## [What needs to be done]
Set the material down again exactly, line by line, skipping each picture.

## [Data]
-------------------------

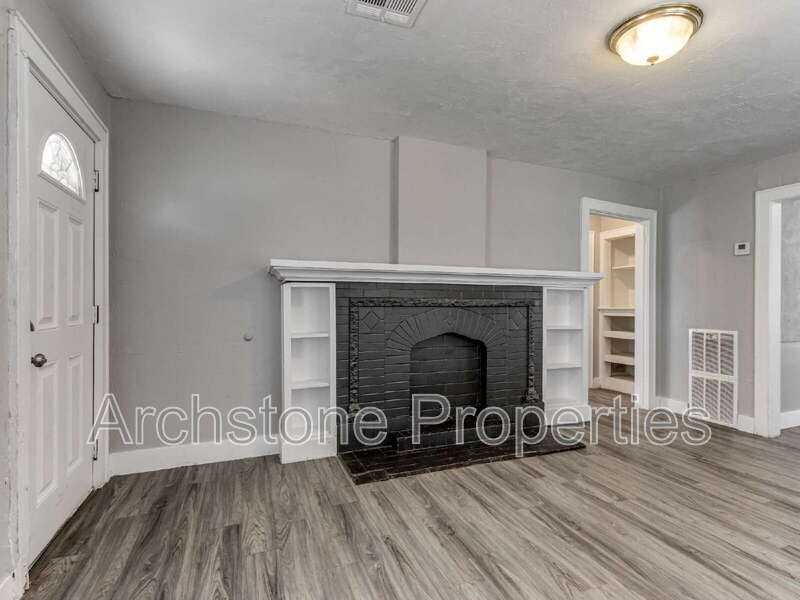 4409 N Military Ave - Photo 4 of 25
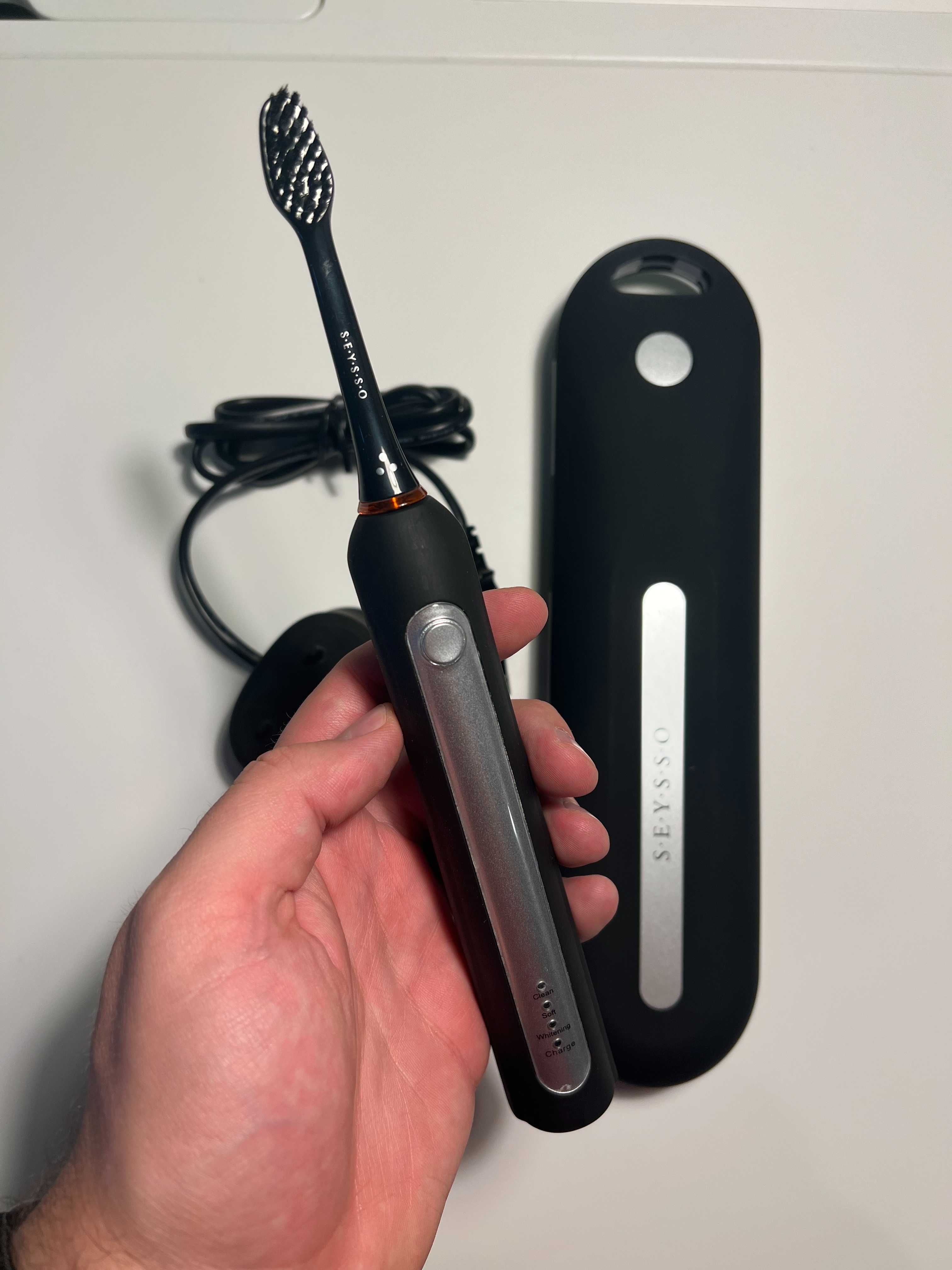 Szczoteczka soniczna Seysso Carbon Professional z etui i ładowarką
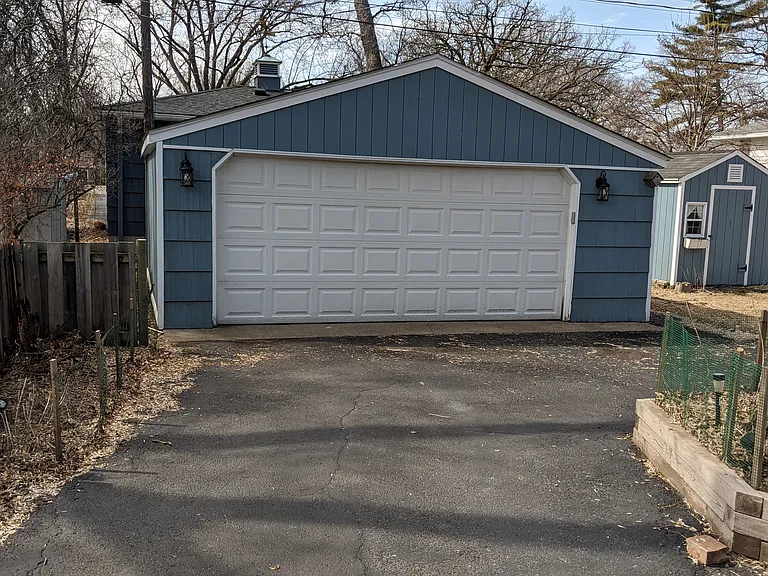 Oversize 2 car garage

-------------------------

## [Reply]
 4409 N Military Ave - Photo 4 of 25
 Szczoteczka soniczna Seysso Carbon Professional z etui i ładowarką
 Oversize 2 car garage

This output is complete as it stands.